Shajarat ad-Dorr : la sultane turque qui défit le roi de France

Rédigé par Seyfeddine Ben Mansour | Jeudi 21 Mars 2013

Certaines destinées sont exceptionnelles, comme celle de Shajarat ad-Dorr, reine d’Egypte, qui vainquit le roi Saint Louis, et protectrice de l’islam.



Shajarat ad-Dorr : la sultane turque qui défit le roi de France

Partenaire pour les affaires de l’Etat

La dépouille de la sultane repose aujourd’hui dans un mausolée attenant à l’une des institutions éducatives (medersas) qu’elle avait créées. A l’intérieur, sous le dôme, une niche décorée de mosaïques représente un arbre orné de feuilles en émail, Shajarat ad-Dorr signifiant «Forêt de perles»…

Sa jeunesse a pourtant été des plus humbles : c’est en tant qu’esclave que cette Turque issue du petit peuple arrive au Caire. Elle est destinée à al-Salih, le futur sultan ayyoubide d’Egypte (1240-1249) et de Syrie (1245-1249). Subjugué par sa beauté et son intelligence, il concevra pour sa concubine une passion exclusive. De favorite, elle devient très vite son unique épouse. Mais aussi sa partenaire pour les affaires de l’Etat : il la consultait au même titre que le général Fakhr ad-Din, son second, et commandant en chef des armées. A son fils et héritier du trône Touran Shah, il avait ordonné de faire de sa belle-mère son conseiller en chef.
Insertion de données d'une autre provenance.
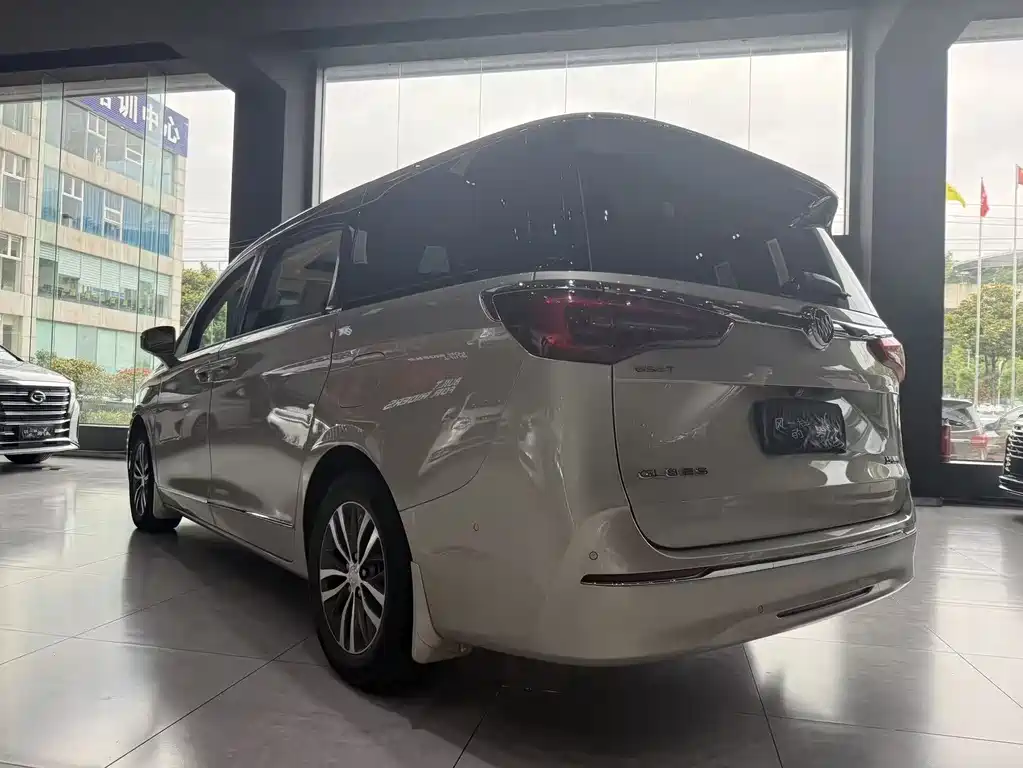 Buick GL8 2022 ES Luxury 653T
Le XIIIe siècle est en effet une période particulièrement critique pour l’islam. Menacé à l’Est par les Mongols – la Perse, le Khorassan, l’Afghanistan et l’Irak sont en ruines –, il l’est également à l’Ouest par les Croisés qui, chassés de Palestine par Saladin se sont rabattus sur l’Espagne où ils ont contribué à réduire la présence musulmane à peau de chagrin. Ils s’apprêtent maintenant à lancer la VIIe Croisade, et à attaquer, depuis Chypre, le nord de l’Egypte ou Damas, sous la conduite de Louis IX, roi de France (le fameux Saint Louis).
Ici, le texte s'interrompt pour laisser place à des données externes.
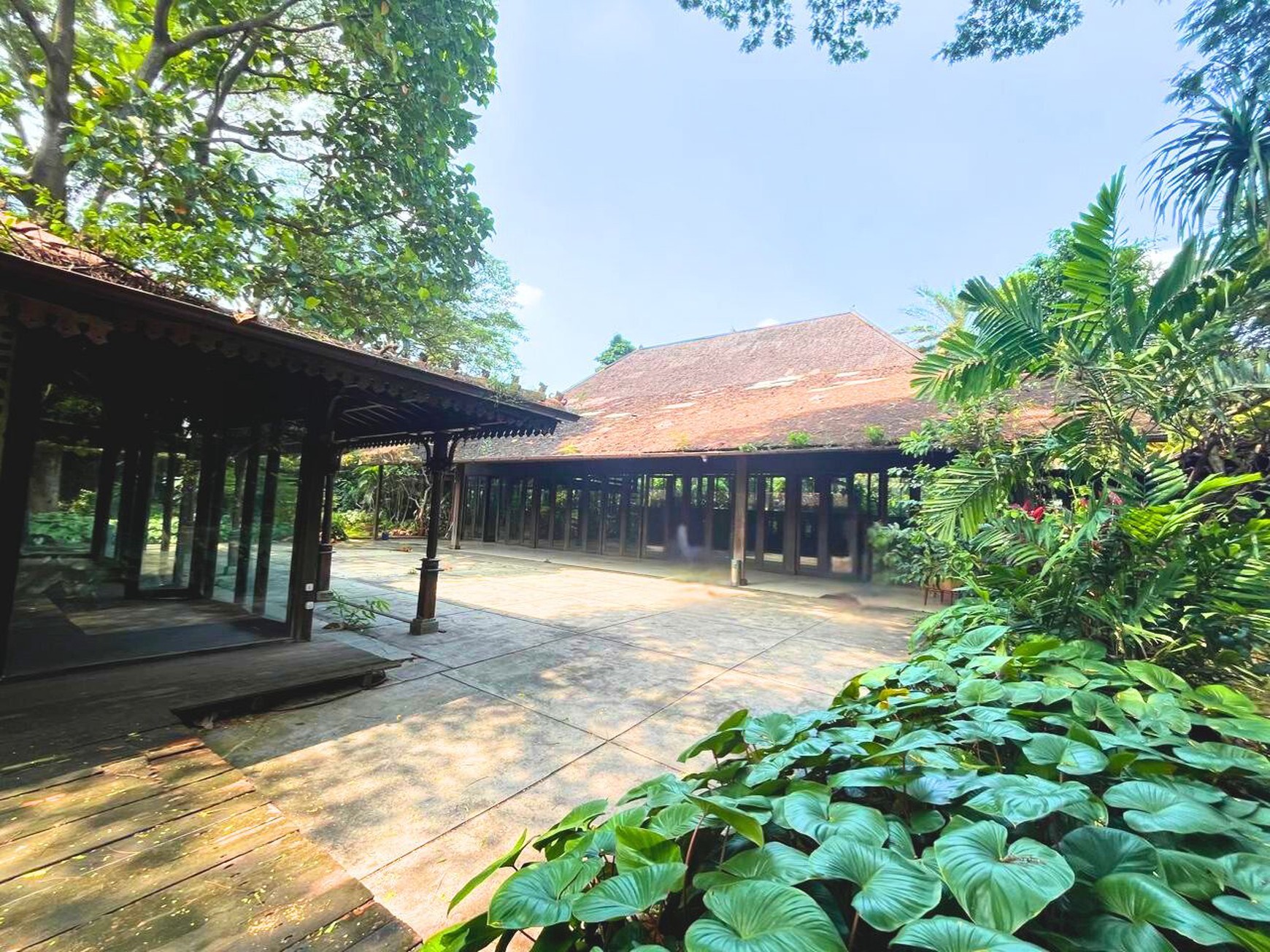 Gedung Serba Gudang di Jeruk Purut Cilandak Timur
Elle garde secrète la mort du sultan

C’est en cette année 1249 que meurt al-Salih. Avec le commandant en chef des armées Fakhr ad-Din et un autre dignitaire mamelouk, Shajarat ad-Dorr gère la situation de crise, notamment en gardant secrète la mort du sultan. La nouvelle aurait eu en effet des conséquences désastreuses sur le moral des troupes. Elle officialise ses propres décisions à travers des décrets royaux dont elle a contrefait la signature, dans l’attente du retour de l’héritier du trône. Arrivé trois mois plus tard de Hasankeyf, en Anatolie, Touran Shah, le nouveau sultan, peine à maîtriser la situation, ‒ avant d’échouer lamentablement face aux Croisés, qui occupent Damiette au nord du pays. Il est assassiné par les généraux et la garde mamelouke de son défunt père. Ces derniers nomment alors le Turkmène « lzz ad-Din Aybak » commandant en chef des armées et la Turque Shajarat ad-Dorr, sultane.
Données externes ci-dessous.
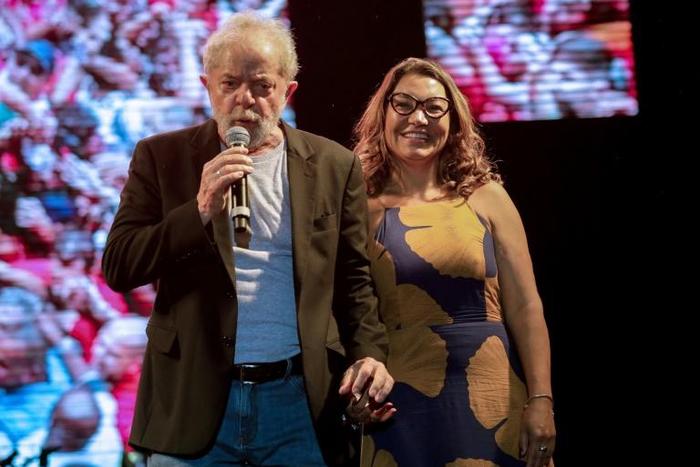 Picture released by Folha de Pernambuco showing Brazilian former President Luiz Inacio Lula da Silva speaks next to his his girlfriend Rosangela da Silva during the 'Free Lula' music Festival in Recife, Pernambuco state, Brazil, on November 17, 2019.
Le seul précédent connu est l’accession de Radiyya au trône de Delhi dans l’Inde musulmane (1236-1240), qui, elle aussi, préservera son pays de l’occupation étrangère. Sous la conduite de Shajarat ad-Dorr, Saint Louis et la plupart de ses soldats seront faits prisonniers, puis libérés contre rançon, issue pitoyable qui signe la fin de la VIIe Croisade. Bien que le pouvoir califal à Bagdad n’ait pu s’accommoder d’une femme chef d’Etat, Shajarat ad-Dorr reconnaissait la suzeraineté abbasside, comme en témoigne l’inscription gravée sur la monnaie qu’elle a fait frapper, et reprise chaque semaine par les imams d’al-Azhar, qui, en son nom, prononçaient le sermon du vendredi : « Dieu protège la sultane, reine des musulmans, protectrice du monde et de la religion, servante du calife al-Musta‘sim, épouse de [feu] le sultan as-Salih »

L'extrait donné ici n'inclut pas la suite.